What makes this Chai tea so 'unexpected'? It's the type of tea's I used to make it. I use a nice quality kukicha green tea and....drum roll please, Lapsang SouChong. If you have never had a campfire warmly taken in through your mouth and not your skin and nose, you are in for a treat! This is one of the most unexpected flavors in teas that I have found. It is very dark and smoky, the leaves are hand-picked, fermented and smoked over pinewood embers. This tea tastes as mysterious as it sounds and makes a mean chai. I hope you look for it today and try it out!
Unexpected Chai Tea
2 cups water
2 cinnamon sticks
5 cardamon pods
2 quarter size pieces of ginger, sliced
1/4 tsp cracked pepper
1/2 tsp vanilla, pure
5 TB loose-leaf green tea
1 TB Lapsang Souchong
2 cups milk, (I use farm-fresh and raw)
4 TB honey
1. Place the first 7 ingredients in a sauce pan, stopping before you add the tea. Let this simmer for 10 minutes.

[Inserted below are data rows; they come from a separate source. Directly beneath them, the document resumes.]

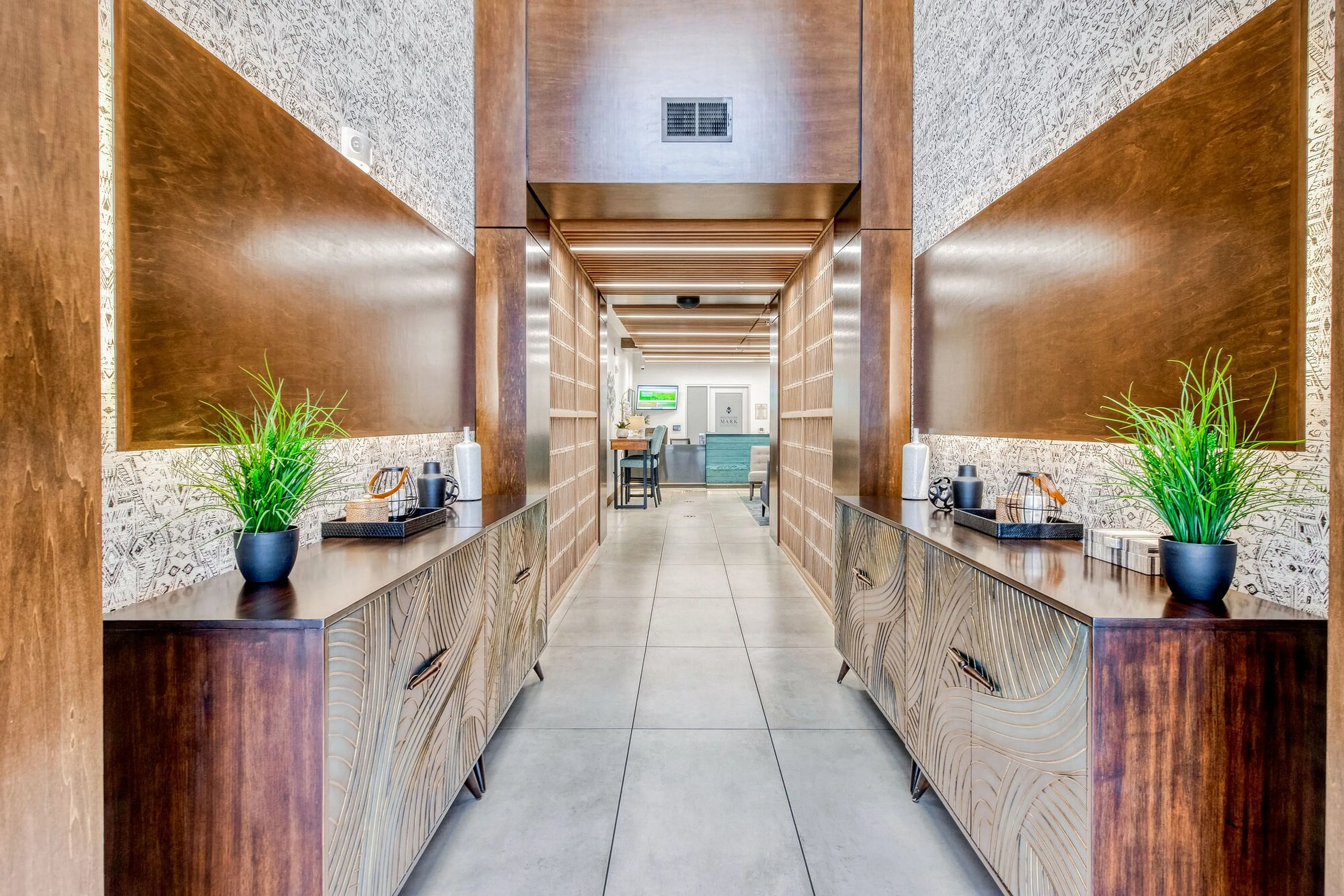 Elegant hallway with modern wood paneling, decorative plants, and sleek cabinetry leading to a welcoming reception area.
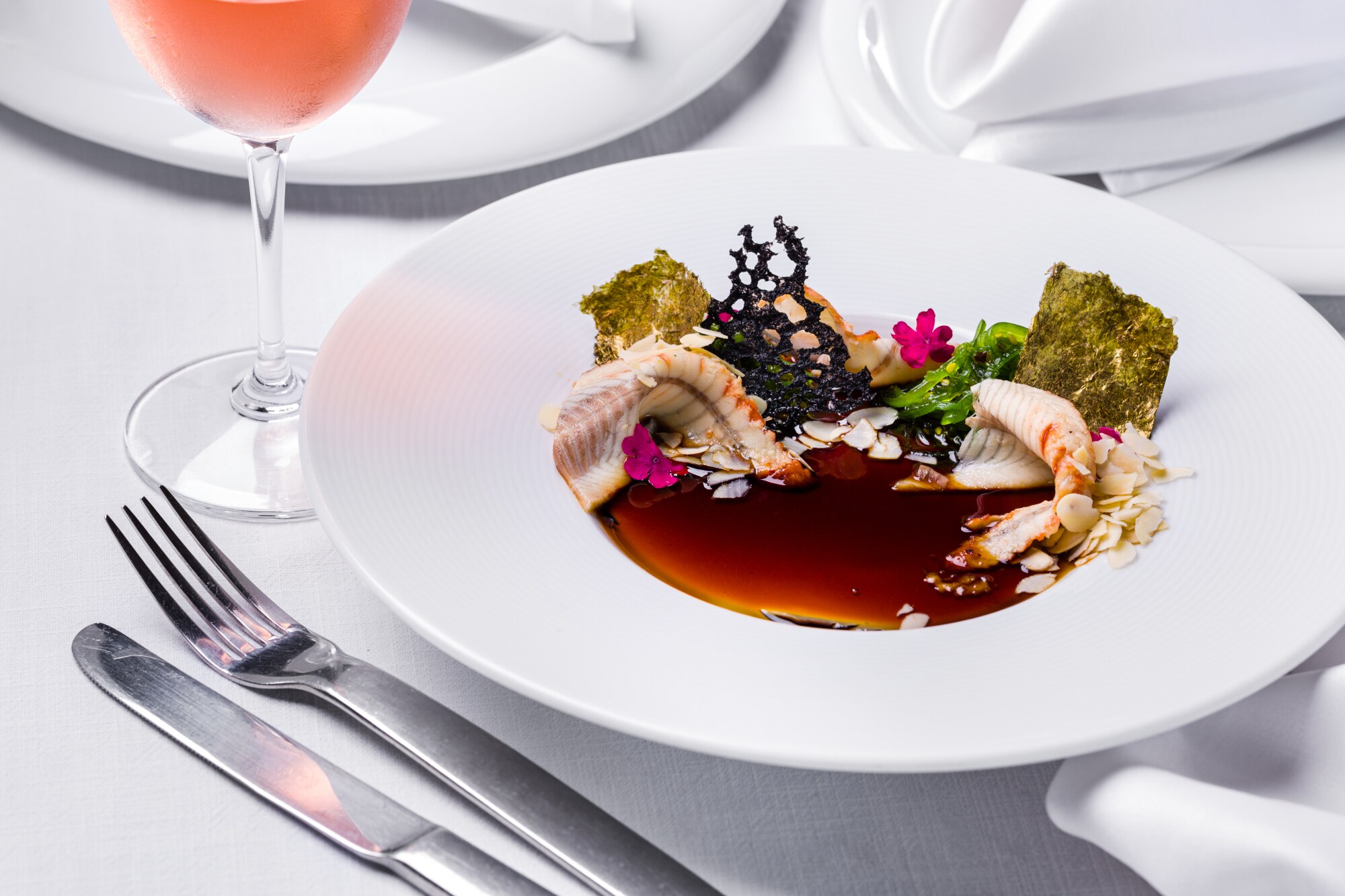 Ein kreativ angerichtetes Fischgericht auf einem weißen Teller auf einem weiß eingedeckten Tisch.
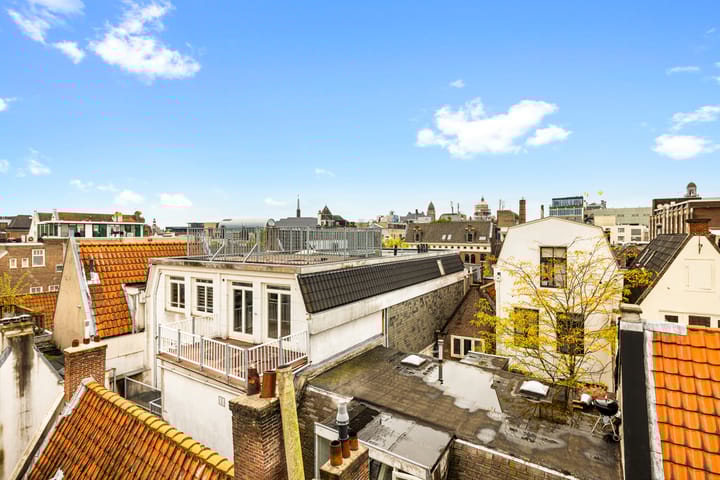 Foto 38 van Oudezijds Achterburgwal 128-C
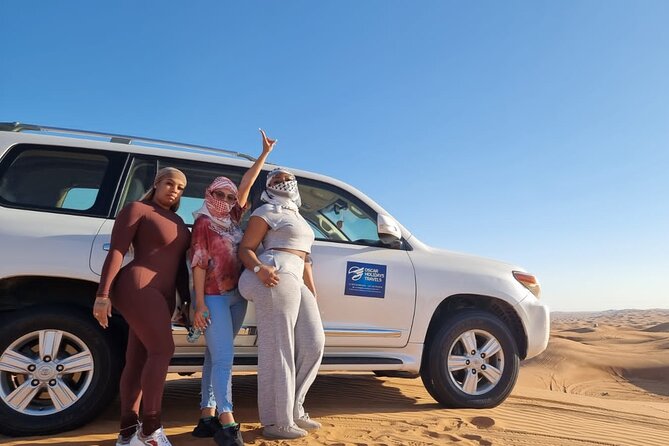 Dubai Red Dunes with Sandboarding, Camel Ride, Falcon & VIP Camp - Sunset, red sand, and a falcon on your shoulder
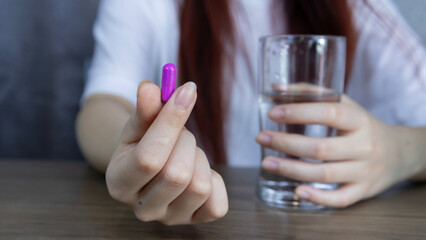 Medicine, Asian woman's hand holding violet pill capsule carefully with fingers and holding glass of water, symbolizing healthcare, Concept of pharmacy, medicine, supplement and medical treatment.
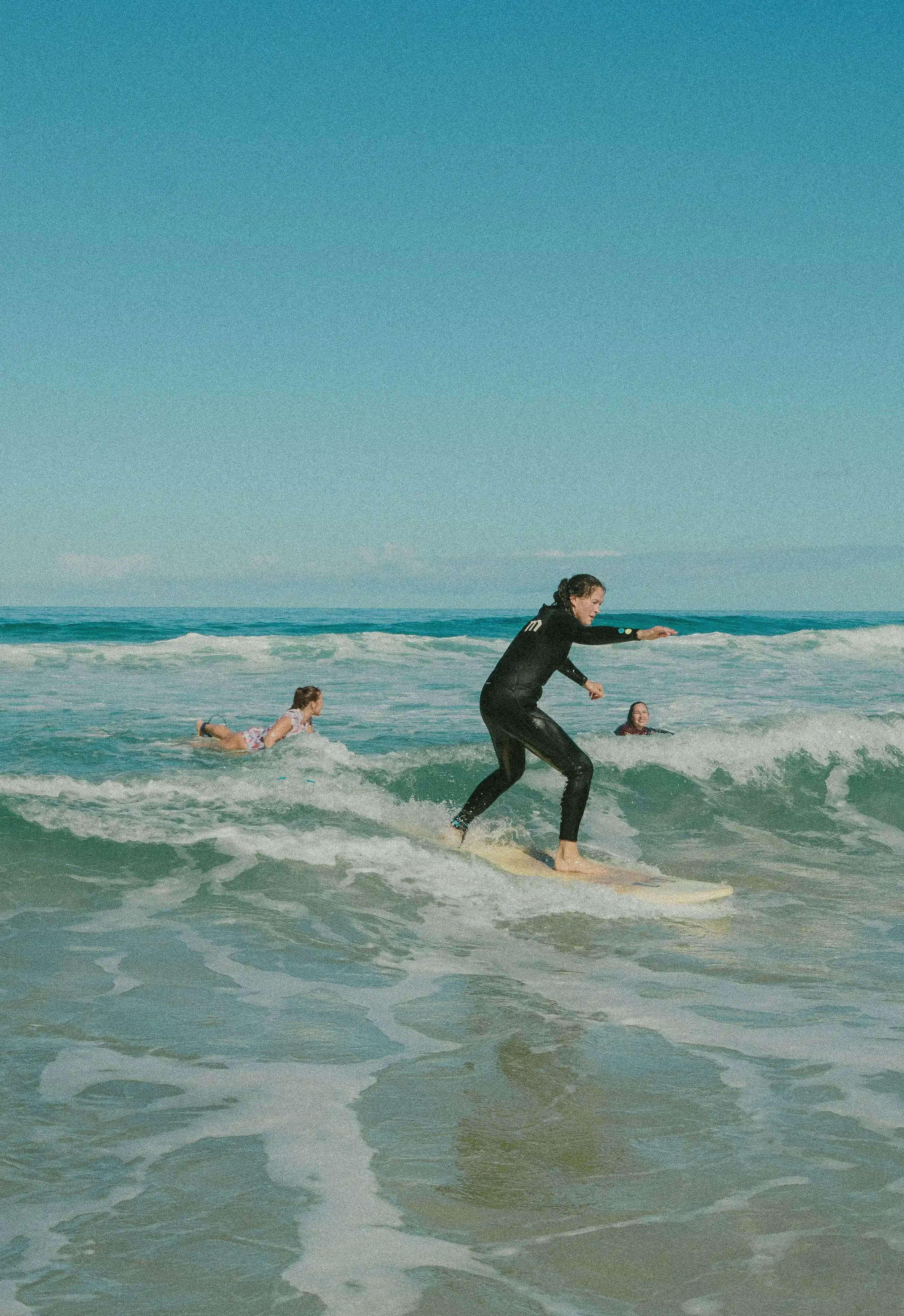 Žena šťastně surfuje na vlnách během jóga retreatu na Fuerteventura. Kombinace jógy, surfování a aktivního odpočinku pro radost z pohybu.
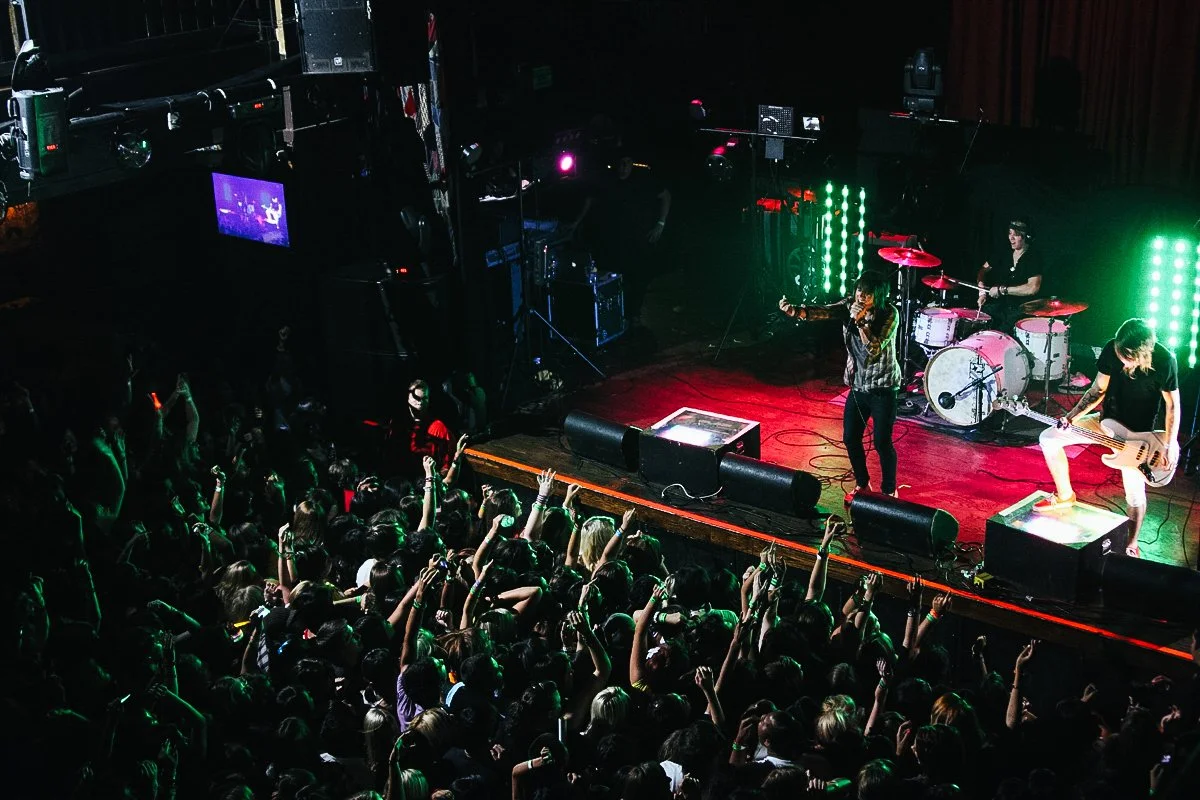 A band performing on stage with a singer, drummer, and guitarist in front of an audience at a concert venue, with colorful stage lighting.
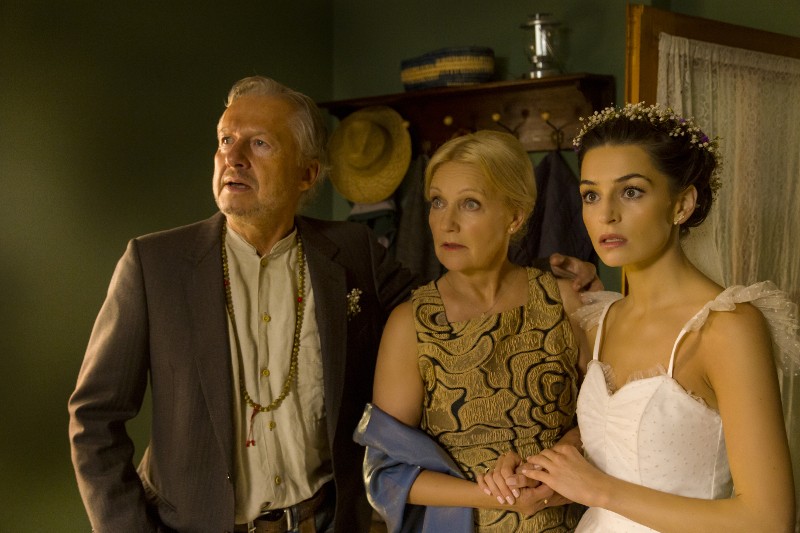 Trzy osoby stoją razem w słabo oświetlonym pokoju, wyglądając na zaskoczone. Starszy mężczyzna w garniturze, kobieta w średnim wieku w złotej sukience i młoda kobieta w białej sukni ślubnej i kwiatowym nakryciu głowy trzymają się za ręce.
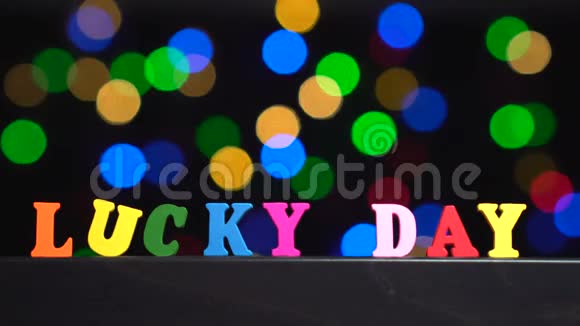 彩色的文字幸运的一天从多种颜色的木制字母前面抽象模糊的灯光背景视频的预览图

2. After 10 minutes, add the tea and let simmer for another 3 minutes.
3. Turn heat down to low and pour in the milk, add the honey. Taste and adjust any spices to your liking.
Just a side note: I like a strong, spicy chai. To make this stronger in flavor, I added additional powdered cinnamon, cardamon and a little more powdered clove. I use powdered forms of the spices that were previously steeped whole and it came out wonderful. This tea is not a science and adjusting it to your taste is really the only way it will come out perfect. I hope you enjoy it as much as I do!